_Work task_
Write out every entry exactly as it appears.
*** Input data
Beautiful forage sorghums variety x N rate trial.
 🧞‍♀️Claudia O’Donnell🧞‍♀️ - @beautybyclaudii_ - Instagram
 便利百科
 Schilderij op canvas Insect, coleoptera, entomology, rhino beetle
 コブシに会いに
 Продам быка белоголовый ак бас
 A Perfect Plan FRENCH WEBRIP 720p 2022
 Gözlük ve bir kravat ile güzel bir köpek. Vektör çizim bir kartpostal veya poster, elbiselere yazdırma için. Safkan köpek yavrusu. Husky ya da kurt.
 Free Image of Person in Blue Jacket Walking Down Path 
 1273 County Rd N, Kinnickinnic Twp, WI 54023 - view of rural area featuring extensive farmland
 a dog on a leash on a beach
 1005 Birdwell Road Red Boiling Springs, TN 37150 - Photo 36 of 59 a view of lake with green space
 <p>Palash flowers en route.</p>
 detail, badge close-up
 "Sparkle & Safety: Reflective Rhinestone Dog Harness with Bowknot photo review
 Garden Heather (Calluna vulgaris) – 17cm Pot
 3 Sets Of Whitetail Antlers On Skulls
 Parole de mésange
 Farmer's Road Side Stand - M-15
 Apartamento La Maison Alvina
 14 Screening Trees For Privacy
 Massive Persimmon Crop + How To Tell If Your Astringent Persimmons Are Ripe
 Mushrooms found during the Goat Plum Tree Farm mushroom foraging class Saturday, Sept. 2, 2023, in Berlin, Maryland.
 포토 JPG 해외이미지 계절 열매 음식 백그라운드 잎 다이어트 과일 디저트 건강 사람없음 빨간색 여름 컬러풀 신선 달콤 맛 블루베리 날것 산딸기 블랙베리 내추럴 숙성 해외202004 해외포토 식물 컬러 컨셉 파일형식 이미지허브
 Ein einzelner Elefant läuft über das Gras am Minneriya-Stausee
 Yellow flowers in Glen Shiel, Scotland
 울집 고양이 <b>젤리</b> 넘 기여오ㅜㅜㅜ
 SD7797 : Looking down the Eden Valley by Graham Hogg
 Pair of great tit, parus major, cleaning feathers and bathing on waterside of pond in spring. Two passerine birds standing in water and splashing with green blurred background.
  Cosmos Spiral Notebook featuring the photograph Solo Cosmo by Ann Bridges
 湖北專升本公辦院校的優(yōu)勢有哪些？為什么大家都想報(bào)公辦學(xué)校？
******
_Reply_
Beautiful forage sorghums variety x N rate trial.
 🧞‍♀️Claudia O’Donnell🧞‍♀️ - @beautybyclaudii_ - Instagram
 便利百科
 Schilderij op canvas Insect, coleoptera, entomology, rhino beetle
 コブシに会いに
 Продам быка белоголовый ак бас
 A Perfect Plan FRENCH WEBRIP 720p 2022
 Gözlük ve bir kravat ile güzel bir köpek. Vektör çizim bir kartpostal veya poster, elbiselere yazdırma için. Safkan köpek yavrusu. Husky ya da kurt.
 Free Image of Person in Blue Jacket Walking Down Path 
 1273 County Rd N, Kinnickinnic Twp, WI 54023 - view of rural area featuring extensive farmland
 a dog on a leash on a beach
 1005 Birdwell Road Red Boiling Springs, TN 37150 - Photo 36 of 59 a view of lake with green space
 <p>Palash flowers en route.</p>
 detail, badge close-up
 "Sparkle & Safety: Reflective Rhinestone Dog Harness with Bowknot photo review
 Garden Heather (Calluna vulgaris) – 17cm Pot
 3 Sets Of Whitetail Antlers On Skulls
 Parole de mésange
 Farmer's Road Side Stand - M-15
 Apartamento La Maison Alvina
 14 Screening Trees For Privacy
 Massive Persimmon Crop + How To Tell If Your Astringent Persimmons Are Ripe
 Mushrooms found during the Goat Plum Tree Farm mushroom foraging class Saturday, Sept. 2, 2023, in Berlin, Maryland.
 포토 JPG 해외이미지 계절 열매 음식 백그라운드 잎 다이어트 과일 디저트 건강 사람없음 빨간색 여름 컬러풀 신선 달콤 맛 블루베리 날것 산딸기 블랙베리 내추럴 숙성 해외202004 해외포토 식물 컬러 컨셉 파일형식 이미지허브
 Ein einzelner Elefant läuft über das Gras am Minneriya-Stausee
 Yellow flowers in Glen Shiel, Scotland
 울집 고양이 <b>젤리</b> 넘 기여오ㅜㅜㅜ
 SD7797 : Looking down the Eden Valley by Graham Hogg
 Pair of great tit, parus major, cleaning feathers and bathing on waterside of pond in spring. Two passerine birds standing in water and splashing with green blurred background.
  Cosmos Spiral Notebook featuring the photograph Solo Cosmo by Ann Bridges
 湖北專升本公辦院校的優(yōu)勢有哪些？為什么大家都想報(bào)公辦學(xué)校？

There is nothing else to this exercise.